Ich glaube, dass es schon ein Vorteil ist, wenn eine Nationalmannschaft von jemandem trainiert wird, der die Sprache spricht und die eigenen Leute kennt, ihre Mentalität, ihre Gewohnheiten. Einen Ausländer holt ein Fußballverband nur, wenn er im Land niemanden findet. Und manche haben schon große Erfolge erzielt.

Auch in der Bundesliga sind Trainer aus anderen Ländern eher selten, trotz Giovanni Trapattoni, Branco Zebec oder Ernst Happel. Kann es sein, dass man es als Ausländer einen Tick schwerer hat?

Ich habe solche Erfahrungen nicht gemacht. Man sollte aber auch in einem so traditionsreichen Land eine Mischung aus inländischen und ausländischen Trainern haben. Es muss möglich sein, dass jemand von außen kommt und mit neuen Ideen etwas bewegt.

Hierzulande haben Sie das Image eines Spaßvogels. Stört Sie das?

Nein. Ich bin ein sehr fröhlicher Typ. Gleichzeitig arbeite ich immer hart. Ich habe niemals bei einem Training gefehlt, bin niemals zu spät gekommen. Mein ganzes Leben habe ich gearbeitet wie ein Tier.

Vermissen Sie die Fröhlichkeit im Fußball?

Ja. Und die Journalisten vermissen Typen wie mich. Meine Generation ist trotz aller Arbeit mehr unter die Leute gegangen und hat mehr Freude gezeigt. Heute hat man weniger Spaß. Das ist doch nichts Schlimmes, man kann doch arbeiten und trotzdem fröhlich sein.

Vielen sind Sie vor allem mit einem Satz in Erinnerung …

… Lebbe geht weidda.

Haben Sie es jemals bereut, diesen Satz ausgesprochen zu haben?

Nein. Das erste Mal habe ich das 1992 vor einem großen Publikum gesagt, als wir mit der Eintracht am letzten Spieltag verloren und die Meisterschaft verspielt haben. Und dann habe ich diesen Satz noch mal gesagt, als die Eintracht zum ersten Mal aus der Bundesliga abgestiegen ist.

Das war 1996, nachdem Sie in der laufenden Saison zum zweiten Mal den Club übernommen hatten.

Mit diesem Satz wollte ich den Leuten Mut machen. Weil: Das stimmt schon. Jeder Mensch, jede Mannschaft, jeder Staat erlebt schwierige Zeiten. Aber es geht immer weiter, selbst wenn man das Gefühl hat: Das ist das Ende, alle Auswege sind versperrt.

Eine philosophische Aussage.

Manche Leute nennen mich einen Philosophen. Aber ich habe diese Philosophie von meiner Mutter geerbt. Sie sagte mir: Selbst wenn du irgendwann denkst, es gibt keinen Weg, gibt es doch einen Weg.

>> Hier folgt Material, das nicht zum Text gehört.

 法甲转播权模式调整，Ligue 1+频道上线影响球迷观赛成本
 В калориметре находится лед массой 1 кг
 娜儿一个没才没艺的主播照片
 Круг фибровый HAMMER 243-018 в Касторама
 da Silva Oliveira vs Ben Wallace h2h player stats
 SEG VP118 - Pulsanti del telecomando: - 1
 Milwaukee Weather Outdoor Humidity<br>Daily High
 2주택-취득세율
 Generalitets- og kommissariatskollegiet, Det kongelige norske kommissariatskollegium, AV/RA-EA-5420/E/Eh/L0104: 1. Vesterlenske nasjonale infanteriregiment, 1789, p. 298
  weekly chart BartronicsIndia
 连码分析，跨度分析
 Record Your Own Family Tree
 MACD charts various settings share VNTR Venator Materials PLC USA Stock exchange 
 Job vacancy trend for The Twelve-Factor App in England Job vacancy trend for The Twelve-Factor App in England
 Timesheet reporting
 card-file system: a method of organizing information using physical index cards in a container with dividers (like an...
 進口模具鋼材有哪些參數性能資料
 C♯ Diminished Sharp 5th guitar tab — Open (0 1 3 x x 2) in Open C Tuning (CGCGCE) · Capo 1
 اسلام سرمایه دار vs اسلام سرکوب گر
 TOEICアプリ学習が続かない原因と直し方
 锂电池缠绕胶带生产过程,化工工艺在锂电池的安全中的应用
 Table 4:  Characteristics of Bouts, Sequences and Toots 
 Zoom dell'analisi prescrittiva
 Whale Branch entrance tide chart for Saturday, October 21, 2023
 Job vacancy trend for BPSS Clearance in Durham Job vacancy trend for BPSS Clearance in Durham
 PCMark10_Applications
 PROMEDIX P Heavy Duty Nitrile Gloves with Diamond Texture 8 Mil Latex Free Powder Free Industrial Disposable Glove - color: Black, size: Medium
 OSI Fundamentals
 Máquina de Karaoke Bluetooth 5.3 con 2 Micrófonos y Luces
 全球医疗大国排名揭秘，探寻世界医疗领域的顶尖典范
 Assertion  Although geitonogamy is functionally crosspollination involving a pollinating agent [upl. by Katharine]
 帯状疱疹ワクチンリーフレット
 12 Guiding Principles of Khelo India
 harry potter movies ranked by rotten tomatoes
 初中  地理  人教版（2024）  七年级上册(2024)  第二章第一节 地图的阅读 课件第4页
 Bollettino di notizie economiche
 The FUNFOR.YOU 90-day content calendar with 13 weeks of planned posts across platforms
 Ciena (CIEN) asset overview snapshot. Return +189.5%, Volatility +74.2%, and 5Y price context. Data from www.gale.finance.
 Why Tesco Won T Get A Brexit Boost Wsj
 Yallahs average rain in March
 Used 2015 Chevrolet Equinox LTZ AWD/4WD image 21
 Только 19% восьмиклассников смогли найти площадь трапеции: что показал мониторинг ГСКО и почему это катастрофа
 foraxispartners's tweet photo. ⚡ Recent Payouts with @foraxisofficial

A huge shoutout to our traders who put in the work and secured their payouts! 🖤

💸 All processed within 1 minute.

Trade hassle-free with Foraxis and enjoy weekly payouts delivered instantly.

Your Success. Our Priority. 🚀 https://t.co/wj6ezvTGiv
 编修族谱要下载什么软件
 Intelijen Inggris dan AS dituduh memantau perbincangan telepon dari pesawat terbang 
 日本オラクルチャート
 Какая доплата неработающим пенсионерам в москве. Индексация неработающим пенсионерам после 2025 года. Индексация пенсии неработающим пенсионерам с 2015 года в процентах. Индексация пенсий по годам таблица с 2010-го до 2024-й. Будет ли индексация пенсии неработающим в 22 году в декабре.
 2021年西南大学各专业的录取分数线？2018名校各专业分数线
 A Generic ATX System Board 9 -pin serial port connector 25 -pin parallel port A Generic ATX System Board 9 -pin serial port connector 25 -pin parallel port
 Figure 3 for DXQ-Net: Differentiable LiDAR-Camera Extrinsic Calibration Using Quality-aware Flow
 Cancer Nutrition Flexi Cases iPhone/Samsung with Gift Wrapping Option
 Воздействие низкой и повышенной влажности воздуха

Das habe ich zu meinem Motto gemacht, als Fußballer und auch sonst im Leben.

Wer wird Weltmeister?

Ich wünschte, es würde Serbien-Montenegro. Aber realistisch ist das leider nicht. Deswegen hoffe ich, dass Brasilien und Deutschland das Finale spielen und Serbien-Montenegro möglichst weit kommt.

Was passiert, wenn Deutschland in der Vorrunde rausfliegt?

Das kann ich mir nicht vorstellen. Das wichtigste ist, dass es keine Probleme gibt, dass die Leute auf der Straße feiern, egal, wo sie herkommen. Wir wollen schönen Fußball sehen und einen würdigen Weltmeister feiern.